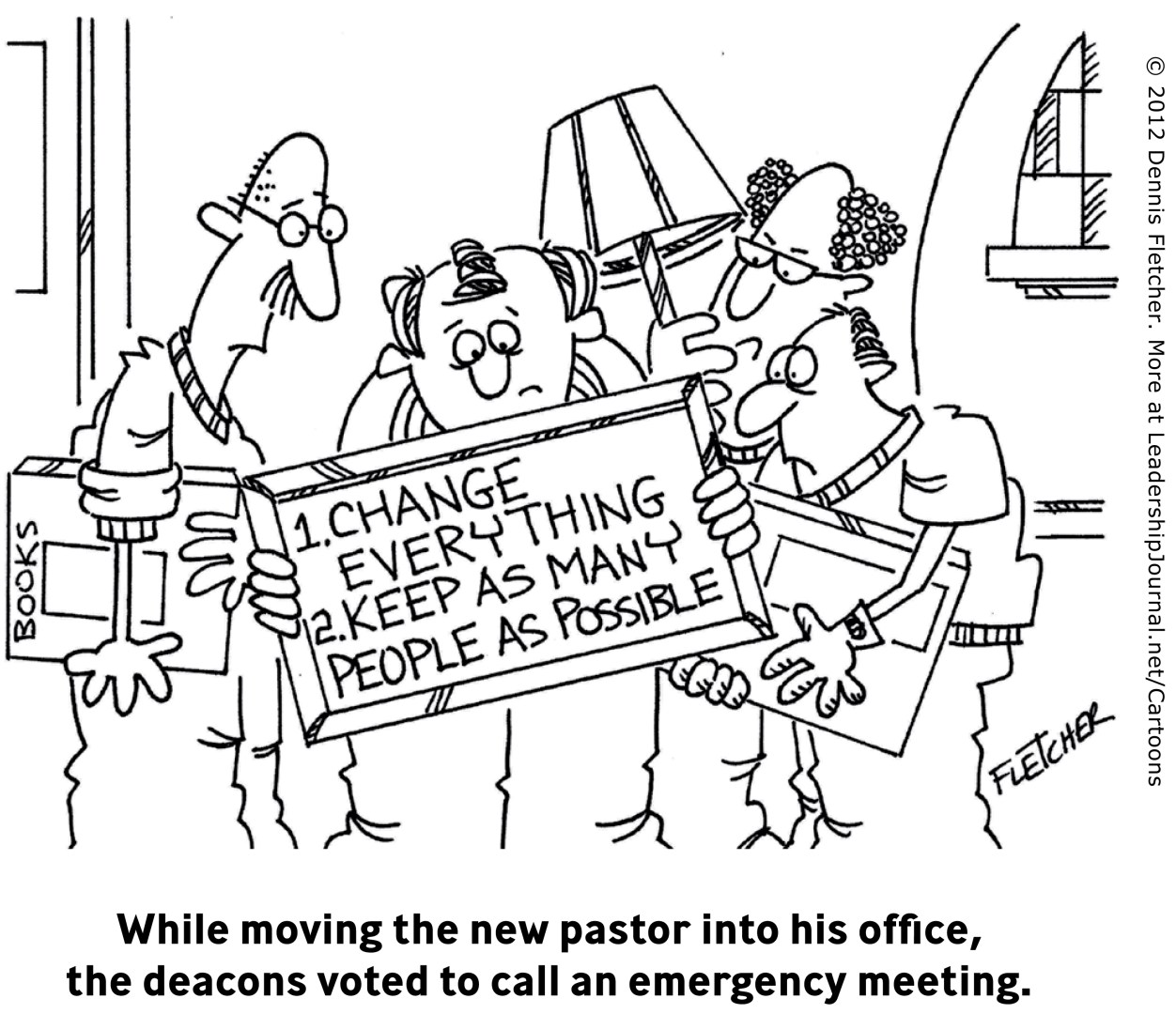 While moving the new pastor into his office, the deacons voted to call an emergency meeting.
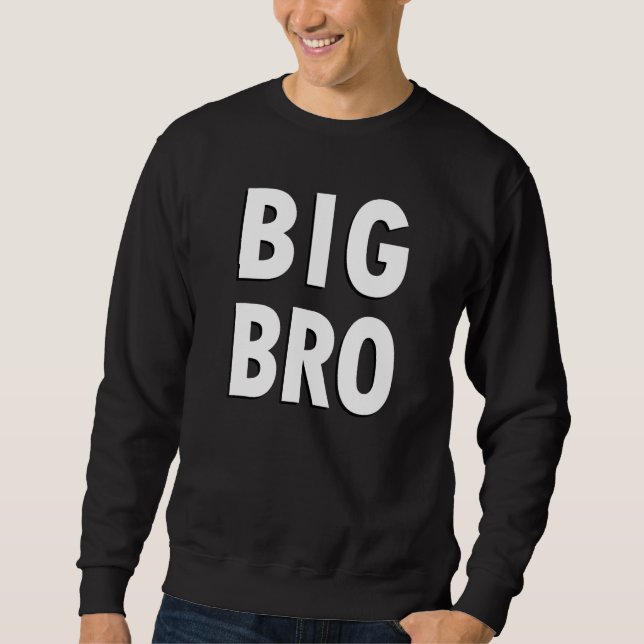 Big Bro Simple Black and White Text Big Brother Sweatshirt (Front)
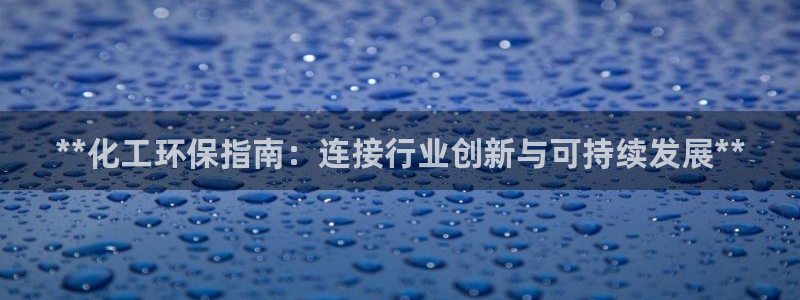 亿万先生 手机版下载安装：**化工环保指南：连接行业创新与可持续发展**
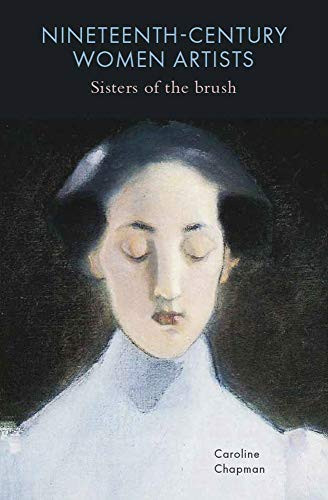 Nineteenth-Century Women Artists (Sisters of the Brush) by Caroline Chapman, 9781913491413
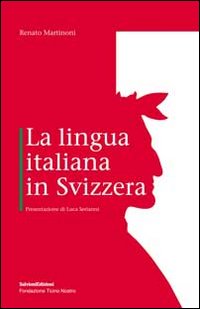 La lingua italiana in Svizzera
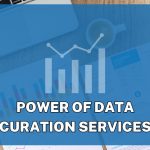 Power of Data Curation Services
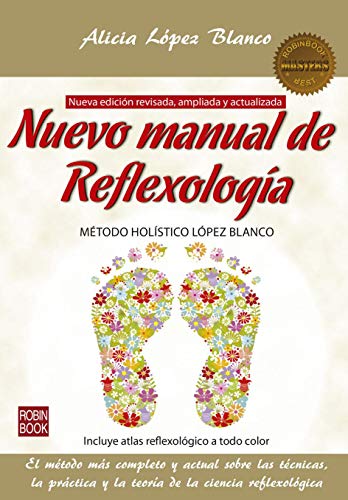 Nuevo manual de Reflexología: Método Holístico López Blanco (Masters/Salud)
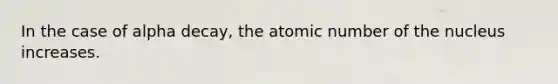 In the case of alpha decay, the atomic number of the nucleus increases.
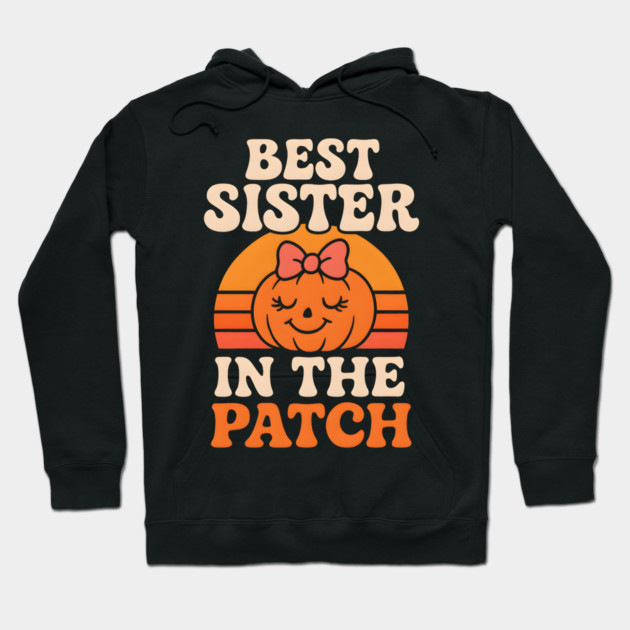 Best Sister in the Patch Cute Pumpkin Halloween Graphic Hoodie by MakerMind8.2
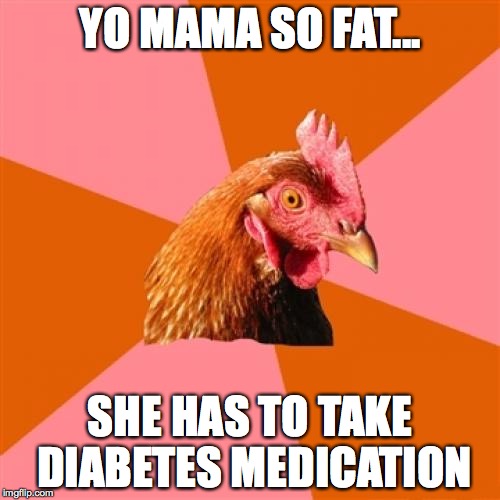 Anti Joke Chicken Meme | YO MAMA SO FAT... SHE HAS TO TAKE DIABETES MEDICATION | image tagged in memes,anti joke chicken | made w/ Imgflip meme maker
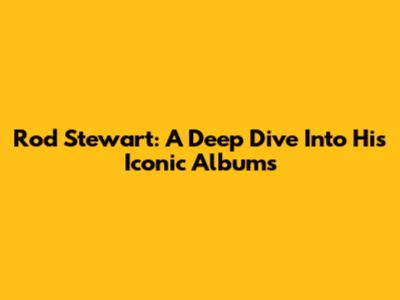 Rod Stewart: A Deep Dive Into His Iconic Albums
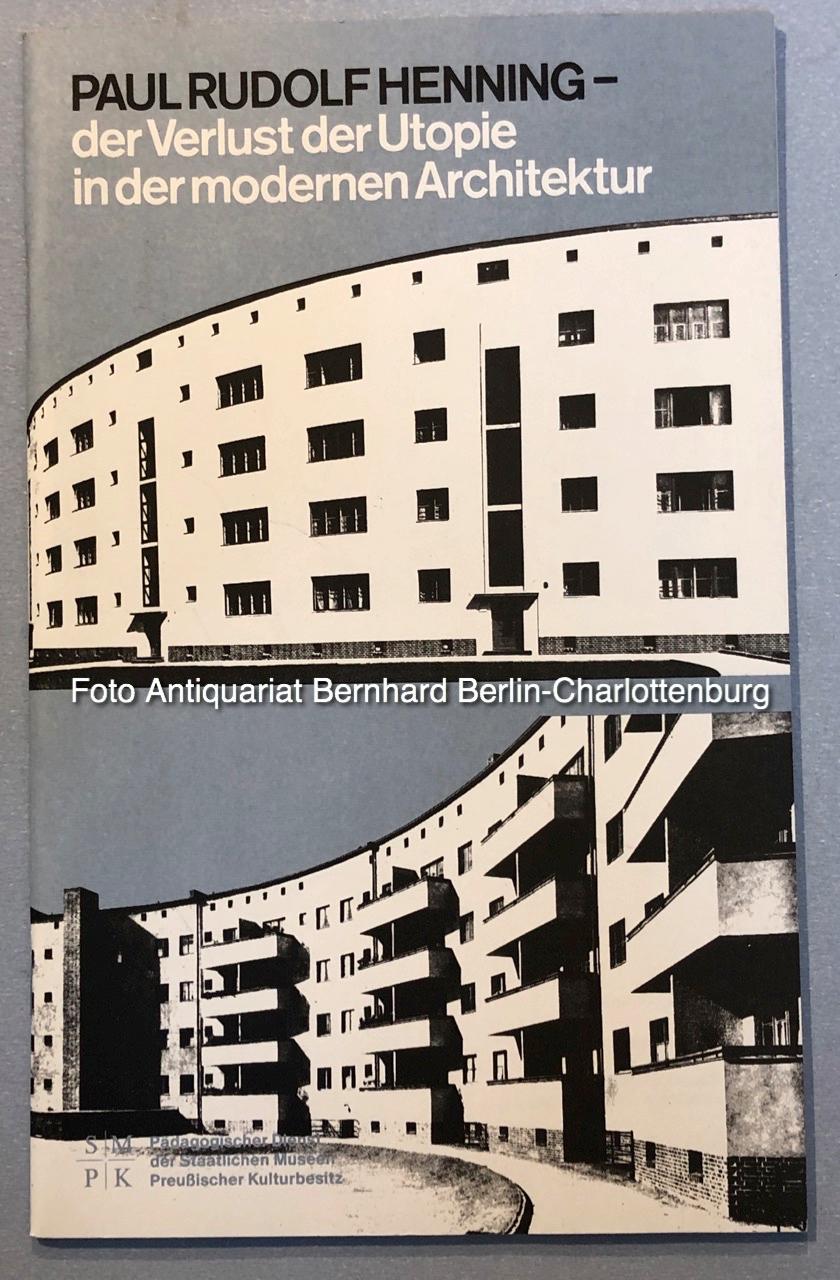Paul Rudolf Henning. Der Verlust der Utopie in der modernen Architektur - Henning, Paul Rudolf; Bärnreuther, Andrea; Staatliche Museen zu Berlin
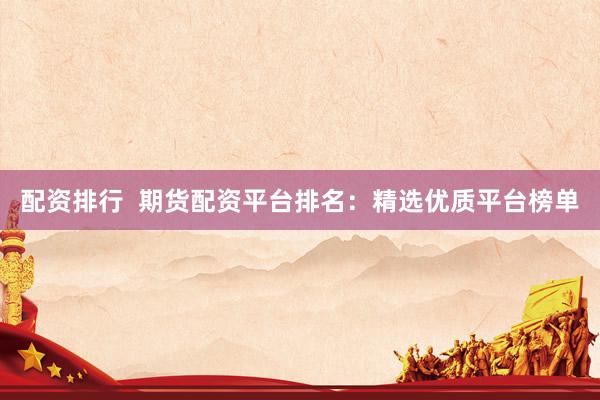 配资排行  期货配资平台排名：精选优质平台榜单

************

● **Assignment**:
Quote the records above in full, dropping each picture.

● **Result below**:
 While moving the new pastor into his office, the deacons voted to call an emergency meeting.
 Big Bro Simple Black and White Text Big Brother Sweatshirt (Front)
 亿万先生 手机版下载安装：**化工环保指南：连接行业创新与可持续发展**
 Nineteenth-Century Women Artists (Sisters of the Brush) by Caroline Chapman, 9781913491413
 La lingua italiana in Svizzera
 Power of Data Curation Services
 Nuevo manual de Reflexología: Método Holístico López Blanco (Masters/Salud)
 In the case of alpha decay, the atomic number of the nucleus increases.
 Best Sister in the Patch Cute Pumpkin Halloween Graphic Hoodie by MakerMind8.2
 Anti Joke Chicken Meme | YO MAMA SO FAT... SHE HAS TO TAKE DIABETES MEDICATION | image tagged in memes,anti joke chicken | made w/ Imgflip meme maker
 Rod Stewart: A Deep Dive Into His Iconic Albums
Paul Rudolf Henning. Der Verlust der Utopie in der modernen Architektur - Henning, Paul Rudolf; Bärnreuther, Andrea; Staatliche Museen zu Berlin
 配资排行  期货配资平台排名：精选优质平台榜单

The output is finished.